Объяснить это болезненное чувство он не мог: неужели ему так жалко расстаться на неделю со своей убогой комнатенкой, прокуренной гостями, как подвальная бильярдная, с привычным, до стыда жалким укладом: утренняя толчея возле уборной, жидкий кофе, чаще всего пустой, машинальная неизменность всех движений и жестов, пока он не окажется за рабочим столом на сквозняке и не погрузится в очередную рукопись, — тут кончался пустой автоматизм, и начиналась жизнь духа, но поскольку Борский отправил его в отпуск, то единственно осмысленная часть дня отпала: что же осталось? — валяние на продавленном диване, порой тусклое ожидание «даменбезуха», хорошо, коли тщетное, но это случалось редко, и тяжкая расплата скукой за бедное наслаждение, да еще зашельцы — большей частью вовсе не нужные… Так чего же он тосковал, чего страшился? Перемены как таковой, обрыва рутины?.. Он привык жить по инерции, а сейчас от него потребуются какие-то непривычные поступки… Трусость, как и храбрость, бывает разная.
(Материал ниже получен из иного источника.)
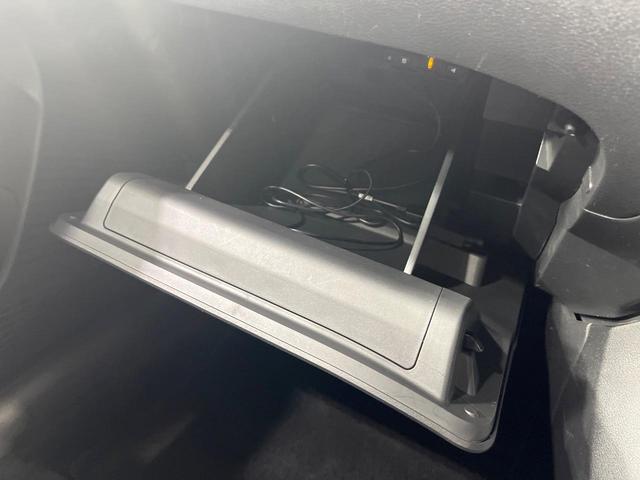 ノート Ｓ　禁煙車　ＳＤナビ　バックカメラ　衝突被害軽減システム　ドラレコ　コーナーセンサー　スマートキー　ビルトインＥＴＣ　オートライト　オートエアコン　Ｂｌｕｅｔｏｏｔｈ　ＣＤ　ＤＶＤ再生（42枚目）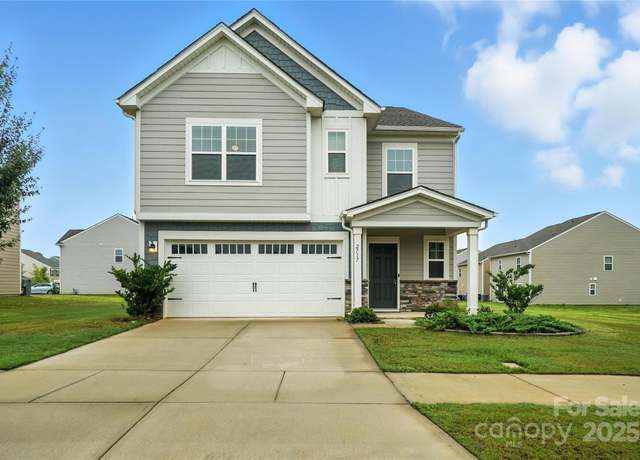 Property at 2717 Oldfield Dr, Monroe, NC 28110, 5 beds, 3 baths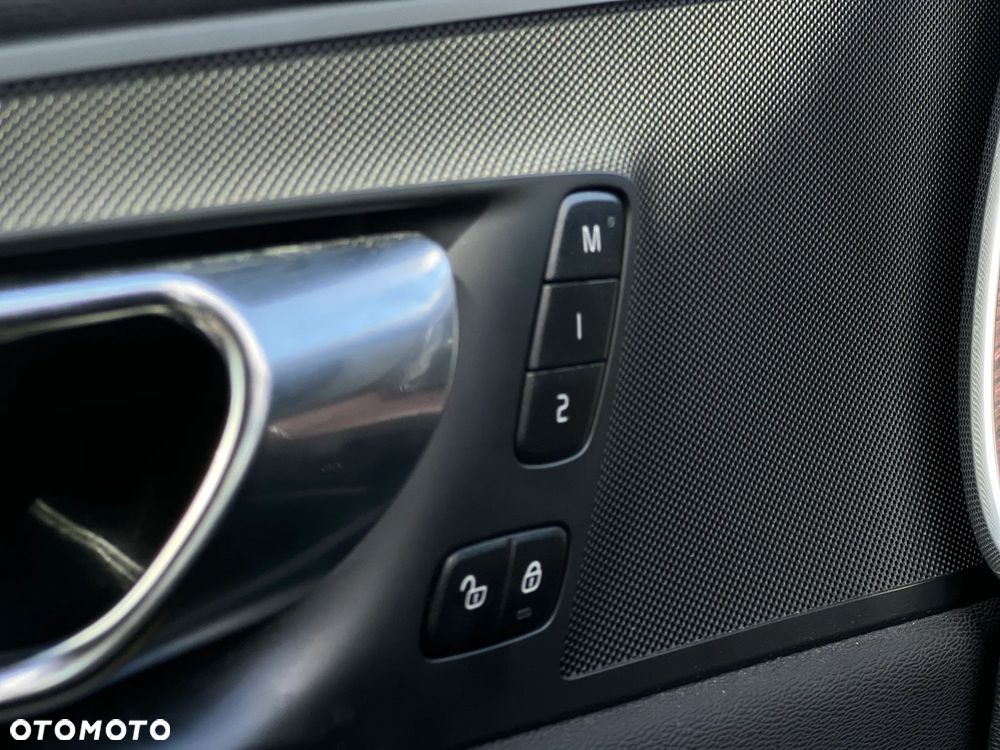 Volvo XC 60 - 25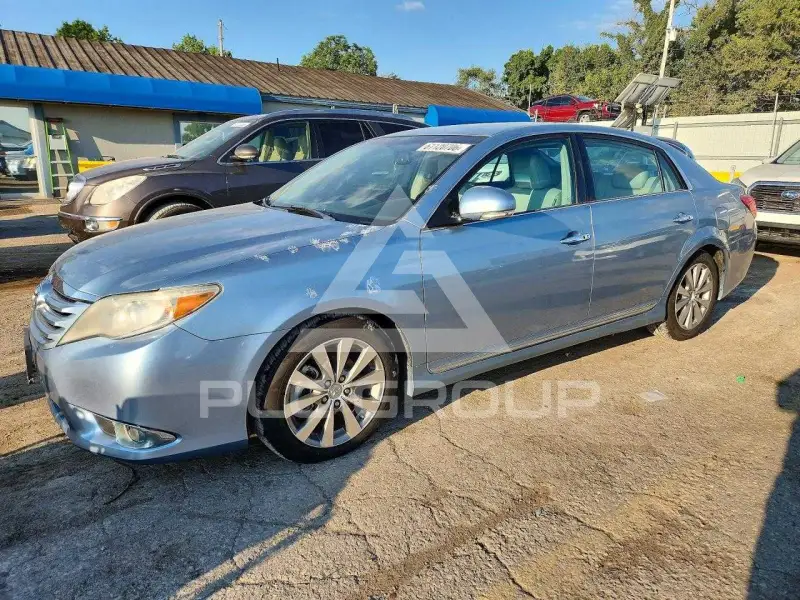 2011 Toyota AVALON фото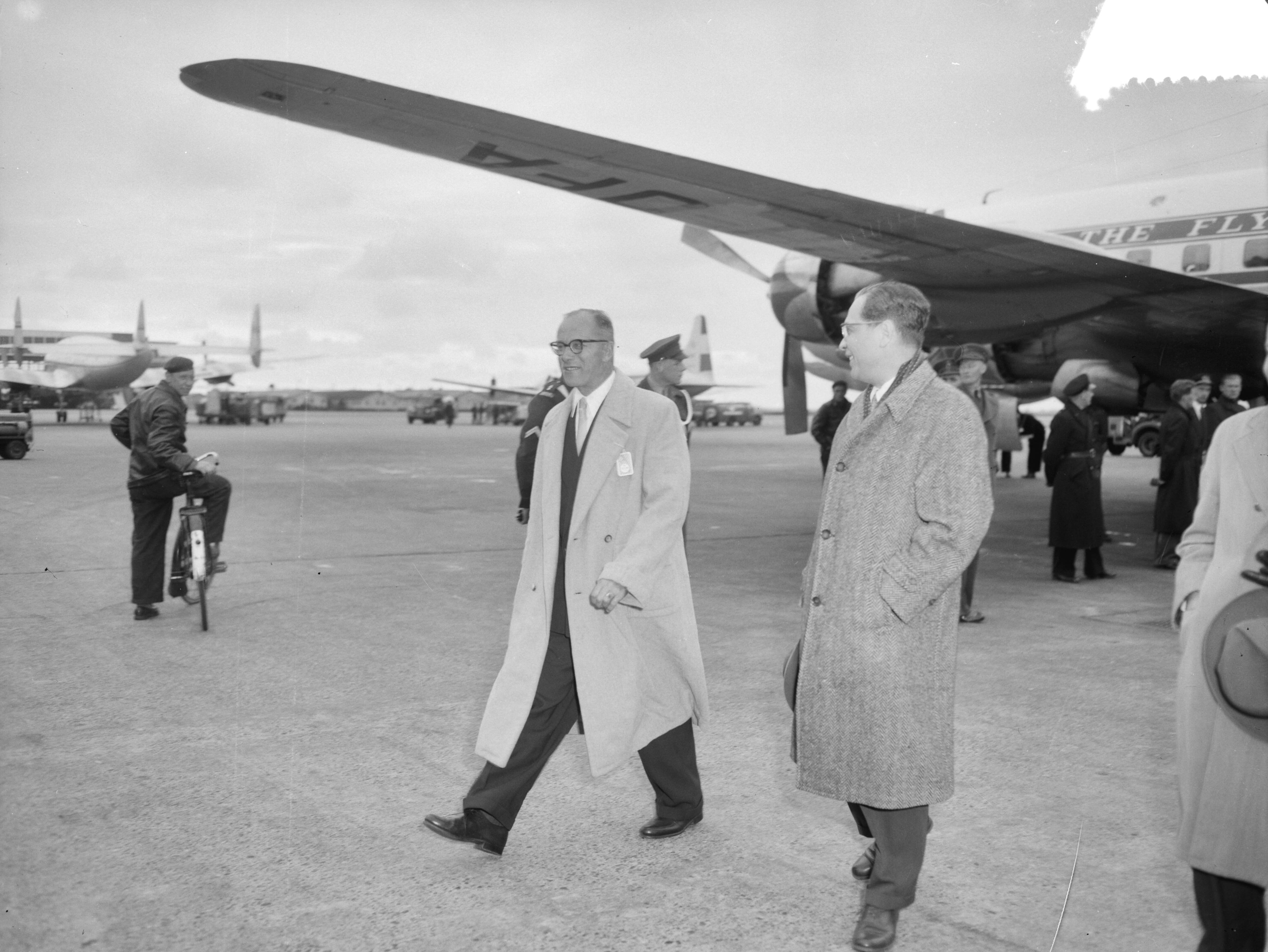 Fotocollectie Anefo — Aankomst van de gouverneur van de Nederlandse Antillen mr. A.A.M. Struycken op Schiphol — Foto: Bilsen, Joop van / Anefo. Licentie: Set B: Rechtenvrij / Publiek Domein. Bron: Nationaal Archief. http://hdl.handle.net/10648/a946a92c-d0b4-102d-bcf8-003048976d84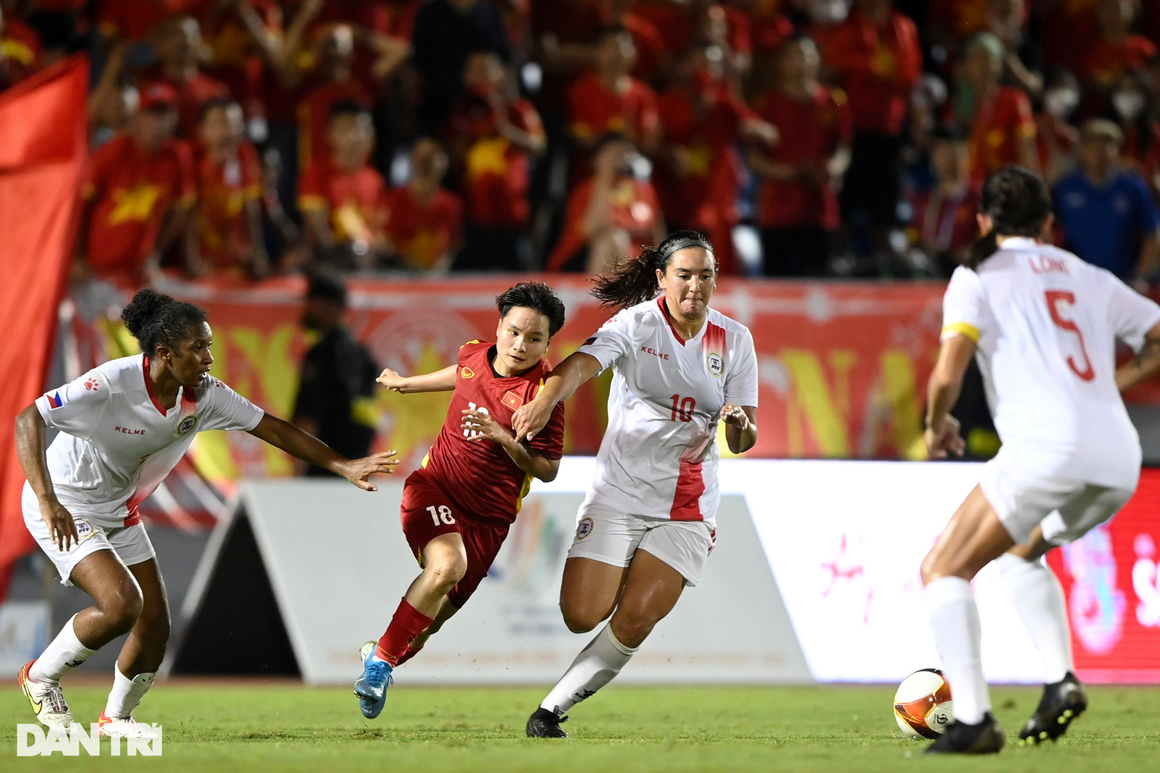 Tuyển nữ Việt Nam thắng vất vả trước đội hình khổng lồ của Philippines - 15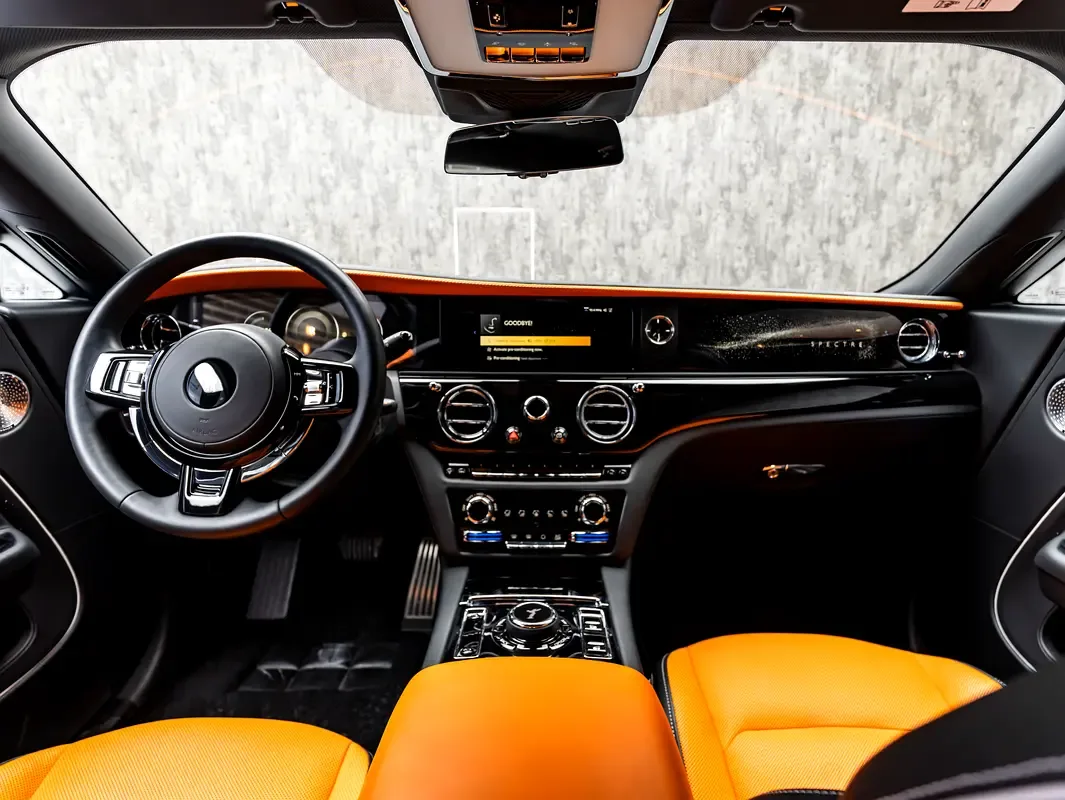 Rolls-Royce Spectre AT 4WD (585 hp) - 14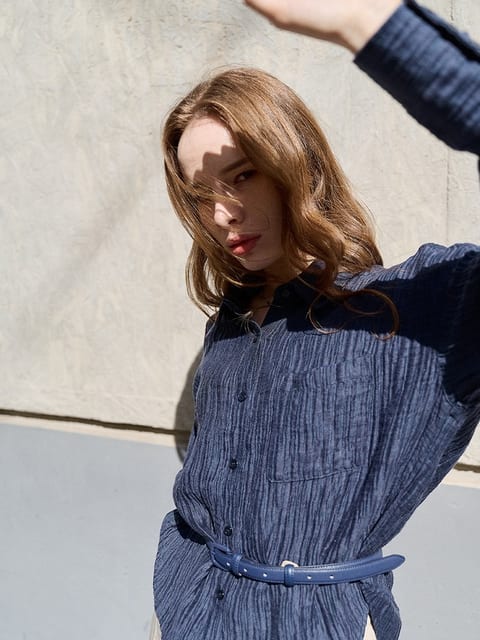 링클 크리즈 블라우스_네이비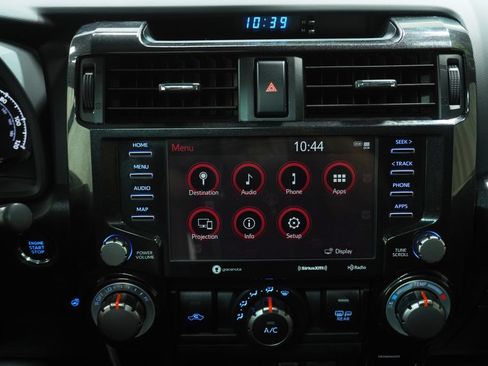 Certified 2023 Toyota 4Runner 40th Anniversary SE AWD/4WD image 18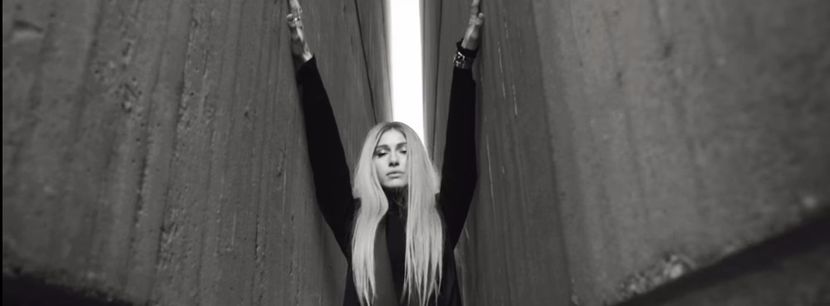 bandicam 2017-10-27 10-50-49-659 - A - Imi dia curaj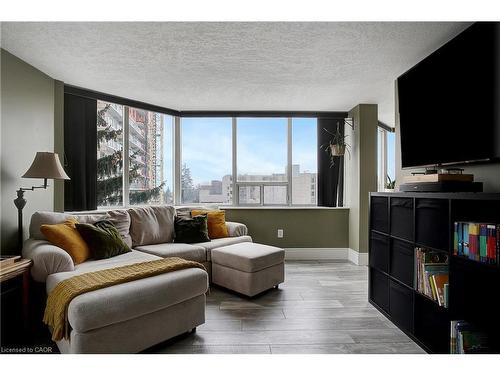 409-3227 King Street E, Kitchener, ON - Indoor Photo Showing Living Room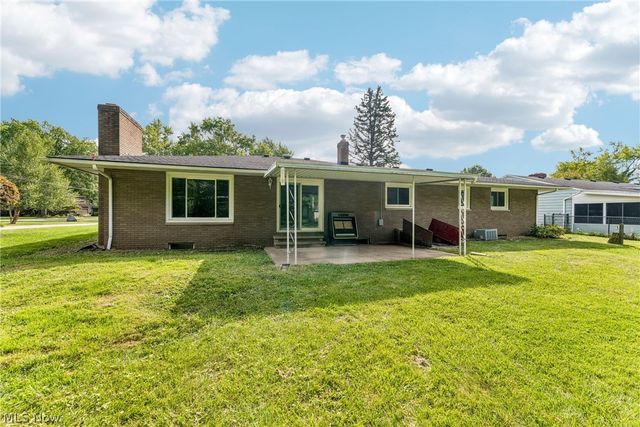 460 Long Street, Amherst, OH 44001
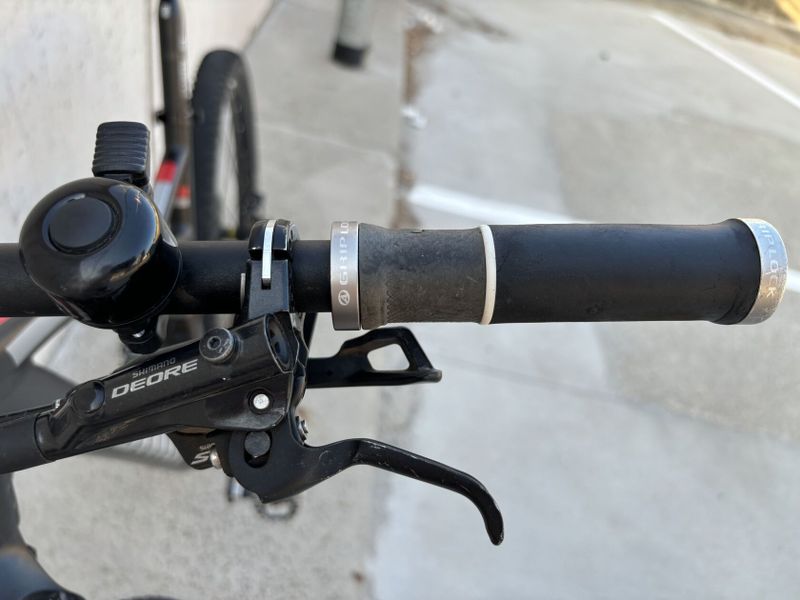 Predám celoodpružený MTB Author A-Ray so záručným listom (Shimano SLX, Mavix, …) + náhradné diely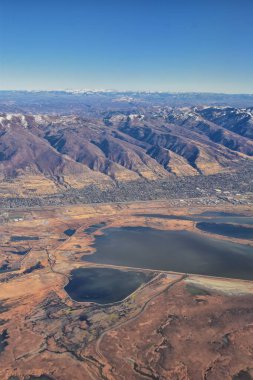 Wasatch Front Rocky Mountain Range Aerial Manzara sonbaharda şehir şehirleri ve Salt Lake City, Utah çevresindeki Great Salt Lake, Amerika Birleşik Devletleri de dahil olmak üzere uçaktan. Usa.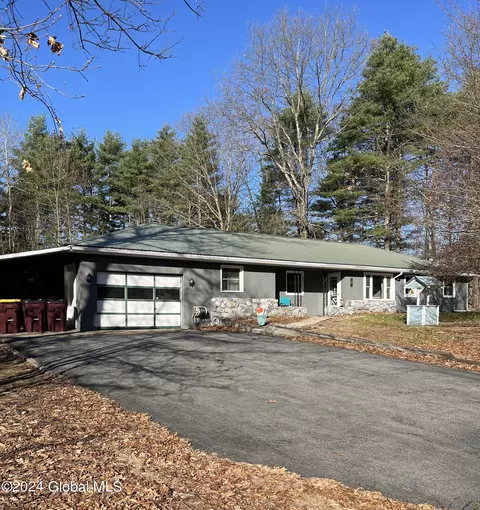 8 Michael Rd, Fort Edward, NY 12828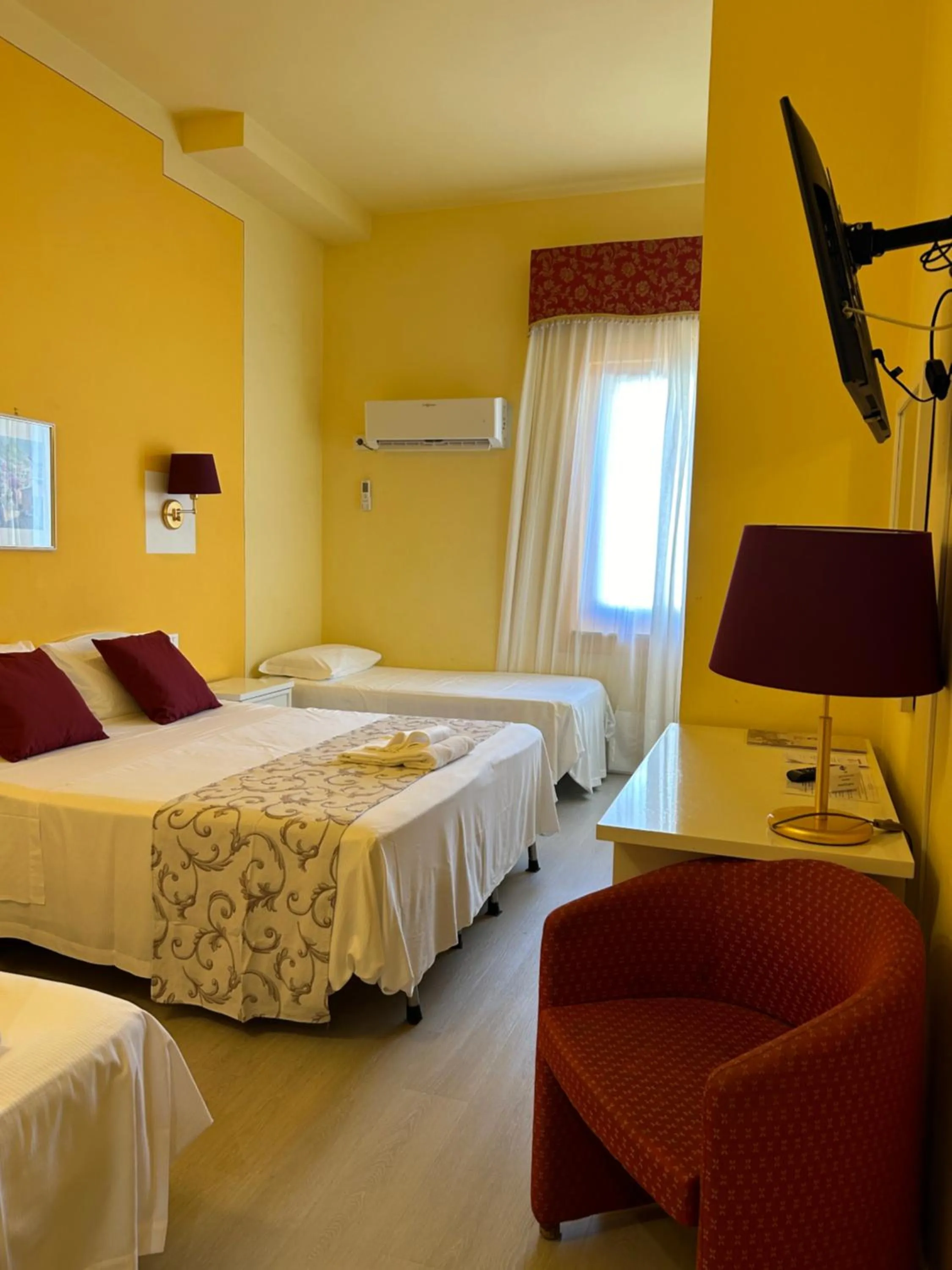 Bed in Hotel Duca Della Corgna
Егошин не был физическим трусом, это доказала война — страх ни разу не коснулся спокойно бьющегося сердца маленького писаря: ни в том единственном бою, за который он получил награду, ни во время бессчетных бомбежек, ни когда дивизия попала в котел и чуть было не сварилась в нем; с неменьшим хладнокровием относился он и к опасностям мирных дней; все городские страхи — перед легендарным убийцей Ионесяном, подворотными юнцами с хорошо наточенными напильниками, окраинами в ночную пору, пьяными хулиганами не достигали сознания Егошина. Он вовсе не испытывал презрения к своему пребыванию на земле, но инстинкт самосохранения был в нем явно притушен. А вот за окружающих он боялся, население мира казалось ему хрупким и непрочным. Он весь сжимался при виде ребенка, переходящего улицу, постоянно пристраивал куда-то бродячих собак и кошек, поскольку жильцы его коммуналки наложили запрет на всякую живность; своих подруг он старался проводить до самого порога их дома (где-нибудь в Мневниках или Чертанове), что тех не всегда устраивало, при виде же летящего в небе самолета бормотал про себя нечто вроде молитвы во здравие и спасение путешествующих по воздушному океану.
Известно, что иные отважные воины становятся весьма робкими гражданами в дни мира, физическая и общественная храбрость — разные вещи. К Егошину слово «храбрость» вообще едва ли приложимо, ибо храбрость — активное, действенное качество, а в основе его существа лежала пассивность. Он был из числа уклоняющихся и воздерживающихся. Когда его изредка вызывали к начальству, он шел с таким же спокойствием, хотя и не столь поспешно, как в туалет. Сталкиваясь с глупостью вышестоящих, никогда не возражал, но и не соглашался и уж подавно не выражал одобрения. Если его припирали к стене, он пожимал плечами и бормотал что-то вроде: «Вам виднее», но было ясно, что он остается при своем мнении. Относительная независимость его поведения стоила недорого — он был человеком без поступков. Сослуживцам Егошин представлялся тихим, безобидным и чуть пришибленным. В последнем они заблуждались. Пришибленность неотделима от чувства страха, а Егошин так же мало боялся неприятностей мирной жизни, как немецких снарядов и пуль. Он просто не хотел связываться — это обременительно. Своеобразное, пассивное, глубоко запрятанное бесстрашие Егошина не мешало ему испытывать порой странный, необъяснимый ужас.